Está bien documentado que las cactáceas tienen ciclos de vida muy largos con tasas de crecimiento lentos y alta especificidad ambiental (Téllez-Román et al., 2017); sin embargo en esta investigación se obtuvieron plántulas de E. platyacanthus con tallas más grandes que los controles, triplicando su altura, quintuplicándo su diámetro y aumentando 18 veces más su biomasa fresca en un lapso de 42 días de cultivo.
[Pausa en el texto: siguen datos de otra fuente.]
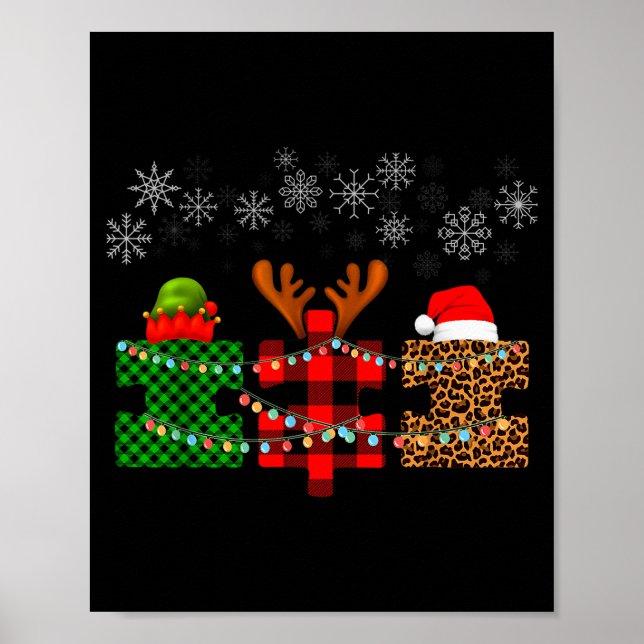 Merry Christmas And Snowflakes Autism Merry Christ Poster (Vorne)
Cabe mencionar que todos los explantes generaron raíces; incluso los que estuvieron creciendo en MS basal sin reguladores de crecimiento, lo cual suele presentarse en varias especies de cactáceas pero en un desarrollo posterior de estas, puede haber diferencias en la morfología o en la frecuencia de enraizamiento en las raíces desarrolladas con auxinas (Clayton et al, 1990), por lo que este protocolo de crecimiento in vitro, representa una alternativa biotecnológica para la especie en estudio.
Conclusiones
Se obtuvieron altos porcentajes de germinación in vitro y ex vitro para Echinocactus platyacanthus, 70% en MS a la mitad de su concentración original, 60% en tierra negra y 46% en una mezcla de tierra negra+agrolita, después de 28 días de la siembra de la semilla.
El uso de la citocinina BAP en concentraciones de 0.5 mgL-1 y de la auxina ANA en concentraciones de 5 mgL-1 de manera aisladas o combinadas en cultivos in vitro aceleraron el crecimiento de los explantes apicales y basales, obteniendo plántulas vigorosas con tallas de hasta 1.8 cm de altura y 2.25 cm de diámetro, con un peso fresco de 2.3 g en un lapso de 70 días de cultivo después de la siembra de las semillas.
La combinación de los protocolos de germinación y crecimiento in vitro, ofrecen una alternativa para la obtención de plántulas vigorosas para su posterior establecimiento en invernadero y su futuro aprovechamiento en la elaboración de acitrón de manera sustentable, contribuyendo así, a la protección de sus poblaciones in situ.